By Dirk Sonniksen | April 30, 2010
Director: Roger Kumble
Writer(s): Michael Cames, Josh Gilbert
Starring: Brendan Fraser, Brooke Shields, Matt Prokop
Dan Sanders (Brendan Fraser) is a real estate developer relocated for one year to the Oregon wilderness by his employer, Lyman Industries, a supposedly green company building a new subdivision in an sleepy town. Dan has completely bought into the green vibe of his employer, and believes he is doing some good for these country folk, but the animals that inhabit the forest know better. In fact, Neal Lyman, head of Lyman Industries, is planning a much bigger project that involves decimating the habitat of the little critters dwelling happily in the forest. The animals go helter skelter on Dan, and the torture and humiliating ensues with Dan bearing the full brunt of their animal wrath. Dan takes all that the animals can dish out and plays dumb through virtually the entire movie until he finally sees the light, and all is happy and joyful.
To call Furry Vengeance a fun movie for the kids would be doing children everywhere a great disservice. It’s certainly marketed to kids, but I found very few children laughing throughout the movie, probably because they were being subjected to this tired, worn slapstick over and over again. Hey kids, that guy just got racked! Look, there’s a car that looks like it’s going to go over a cliff, but then doesn’t, but then does! Look, a guy wearing women’s clothing that are much too small for him! Animals attacking people—and on and on and on. If you’re an adult, and you find Furry Vengeance entertaining, well, I’m sorry, but you are easily entertained.
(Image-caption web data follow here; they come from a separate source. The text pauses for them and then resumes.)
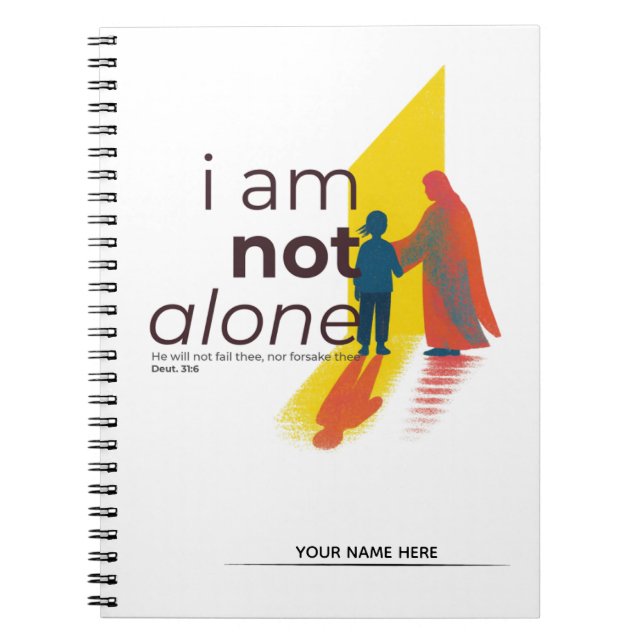 Personalized Christian Journal I Am Not Alone (Front)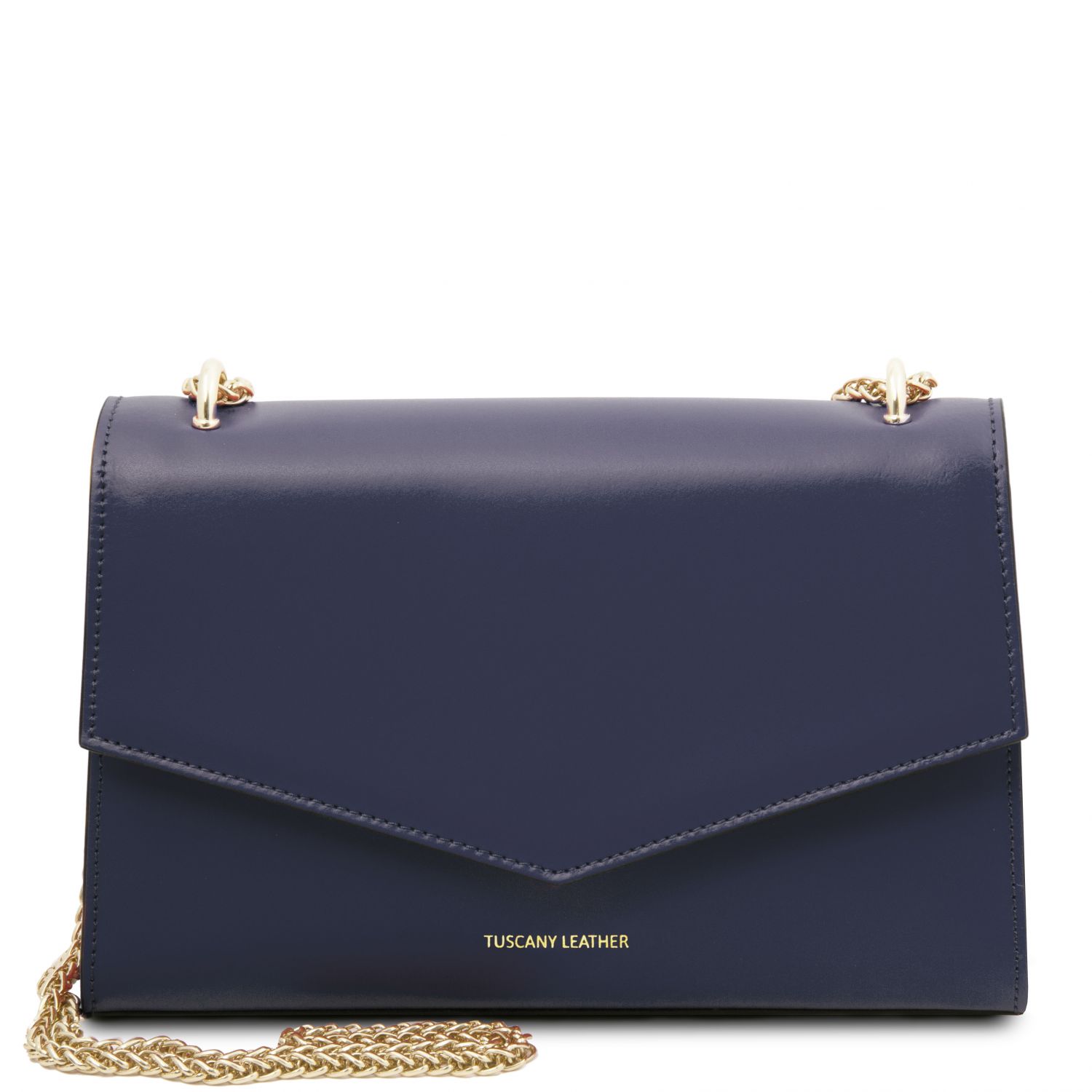 Leather Clutch With Chain Strap - Fortuna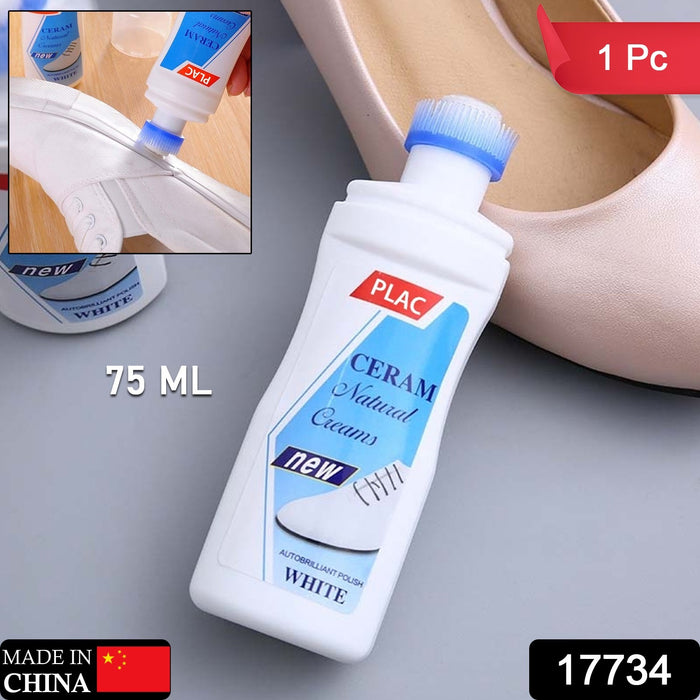 3pcs White Shoe Cleaning Kit, Includes Shoe Cleaner, Shoe Whitener, Shoe  Brush, Suitable For Cleaning Sneakers | SHEIN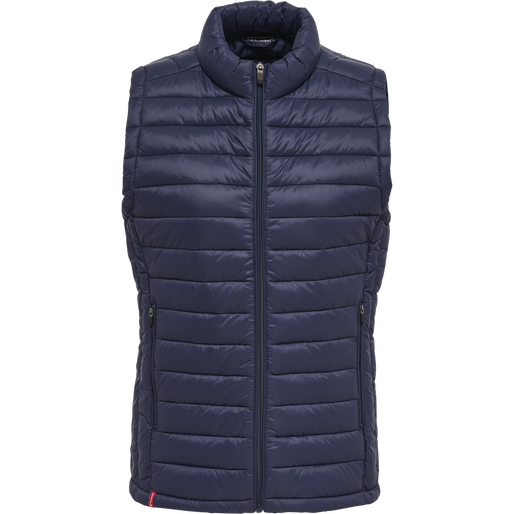 hmlRED QUILTED WAISTCOAT WOMAN, MARINE, packshot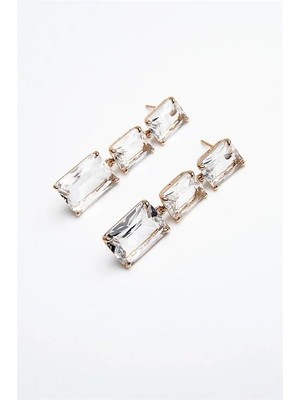 Euromoda Xuping Alerji ve Kararma Yapmama Garantili Zirkonium Taşlı Küpe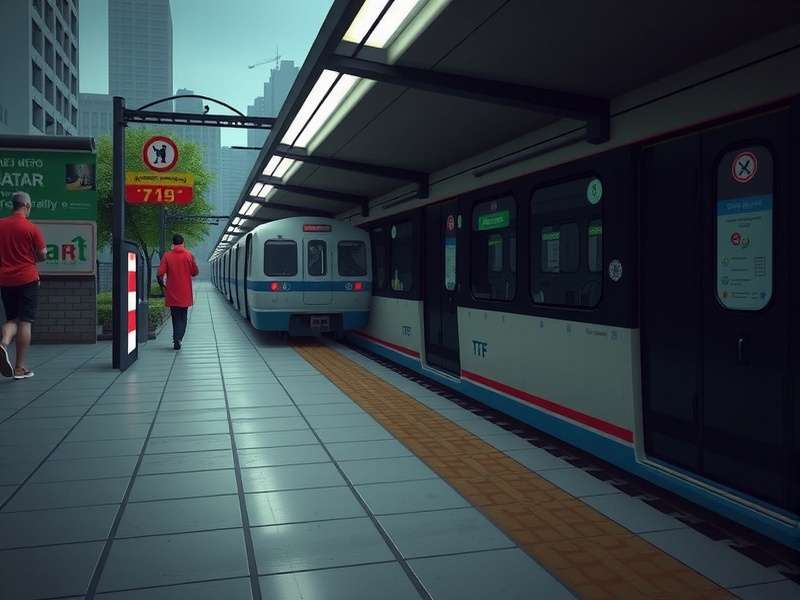 Urban Metro Quest Kolkata gameplay screenshot showing metro station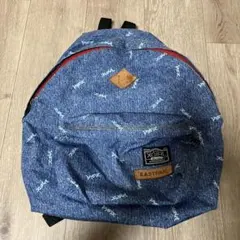 X-girl × EASTPAK 限定コラボ デニム風 総柄 リュック バックのサムネイル
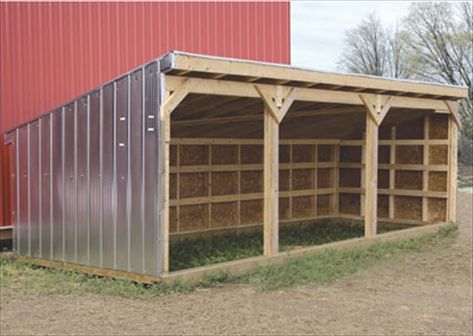 DIY Easy Horse Shelter | EASY DIY and CRAFTS Pig Stalls Ideas, Cow Shelter Ideas, Cattle Shelter, Cow Shelter, Diy Shelter, Horse Shelters, Cow Barn, Horse Shed, Livestock Shelter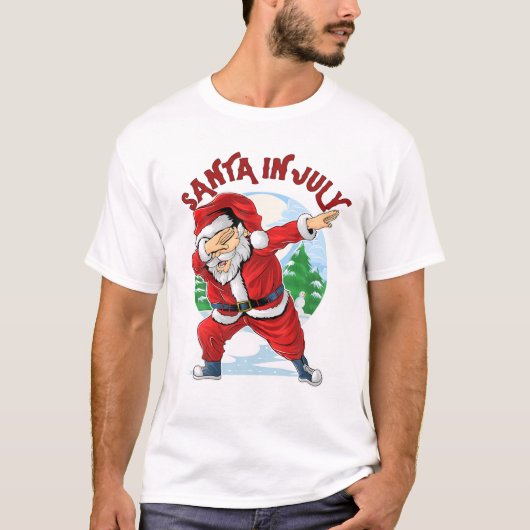Sinterklaas in de zomer van Hawaï T-shirt (Voorkant)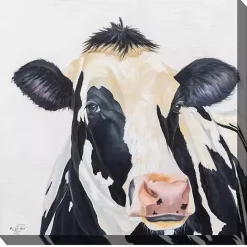New Kirklands Home Cow Portrait Outdoor Canvas Art Print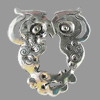 Pendant, Zinc Alloy Jewelry Findings, Lead-free, Owl 76x79mm, Sold by Bag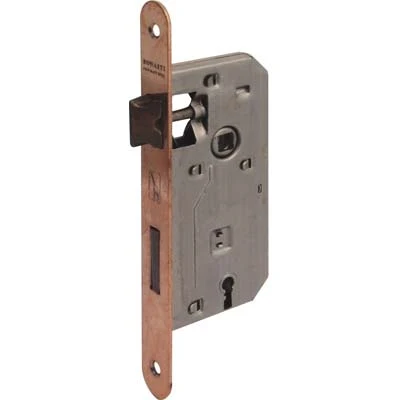 Serratura Patent B.Tondo Bronzato 042T Bonaiti I.Mm 70 F.Mm 22 E.Mm 35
This is a film that seems to be pushing some sort of environmental message, but there’s not enough meaning to hit home. In fact, the message itself is simply a ploy to showcase a handful of reaction shots by pissed off animals that grunt and snicker throughout a film that can’t hold up. If Furry Vengeance actually focused more on the animals and less on the cast, there might have been something redeeming about the film.
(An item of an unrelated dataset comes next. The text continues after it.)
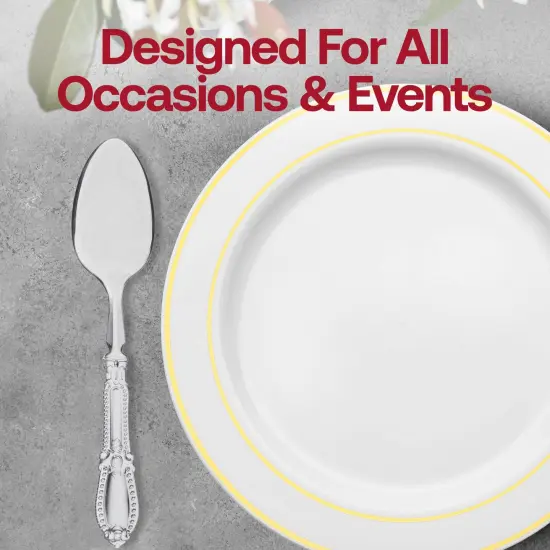 Clear Baroque Disposable Plastic Dinner Spoons (480 Spoons) {6}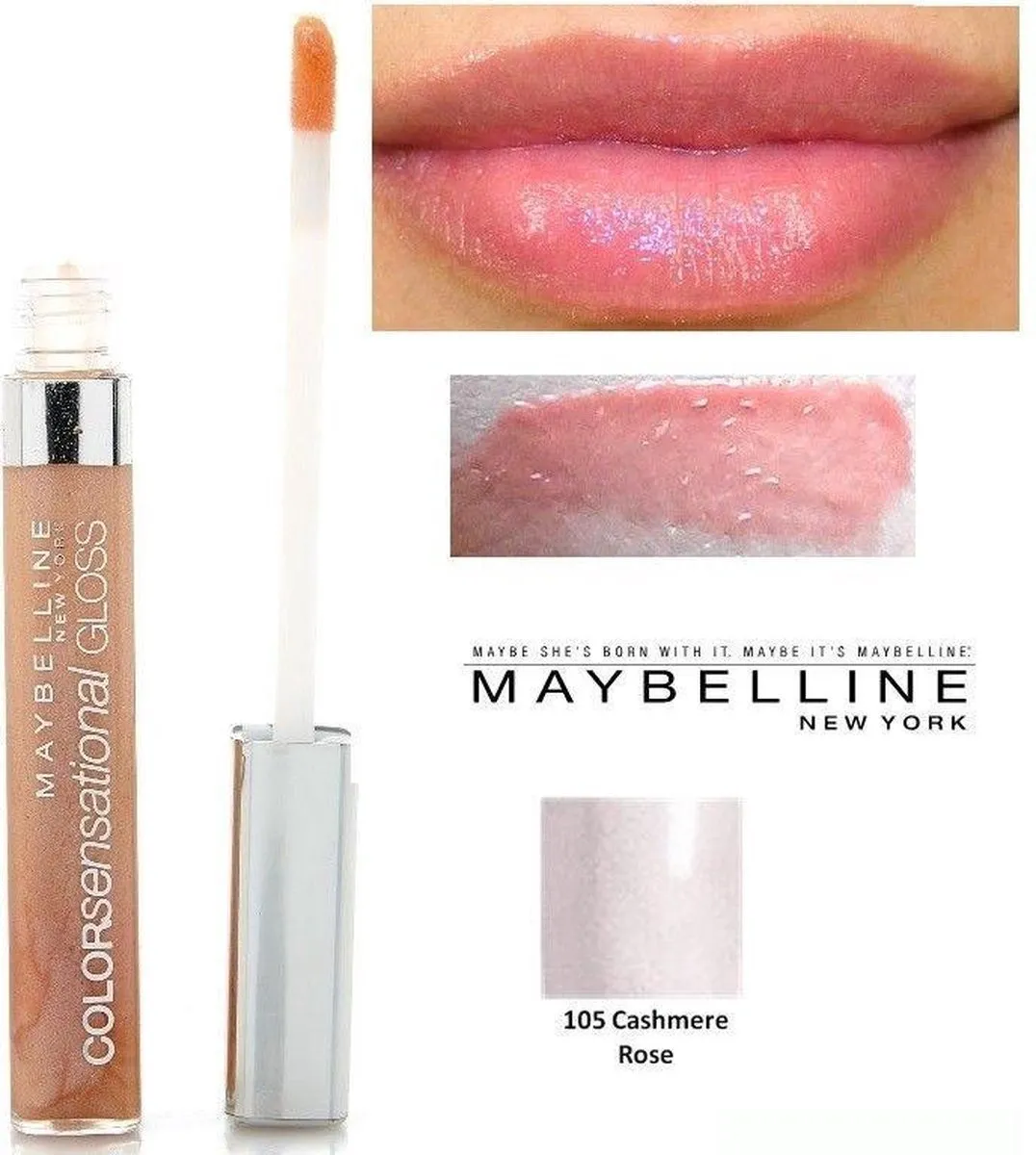 Maybelline Color Sensational Lipgloss 105 Cashmere Rose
On the acting front, it’s difficult to understand why Brendan Fraser continues to torture not only his audience but himself with these films (see Dudley Do-Right, George of the Jungle, and Monkeybone). Mr. Fraser had me at Gods and Monsters, and while I can appreciate his flare for adventure films, his continued forays into these wacky kids films are a mystery. As for Brooke Shields, I have no idea. I’m assuming some series she was in got cancelled, and Furry Vengeance was a paycheck. You’ll also find a few of the Comedy Central troupe making an appearance, with Samantha Bee being the only highpoint in the film for me.
Furry Vengeance is a failure—a very furry failure. I’m sure Brendan Fraser will continue to pepper his resume with little gems like The Quiet American, but unfortunately he’ll always be a tough pill to swallow when he continues to pick up films that ultimately end up straight-to-video nightmares. Furry Vengeance used every gimmick imaginable to draw in an audience, but ultimately it was a disappointment. Perhaps films like these could do with a bit of intelligent dialogue and fewer cheap laughs to try and fill theaters. They might have enough material to make for a great trailer, but the trailer itself won’t bring in the almighty dollar once word-of-mouth begins to spread.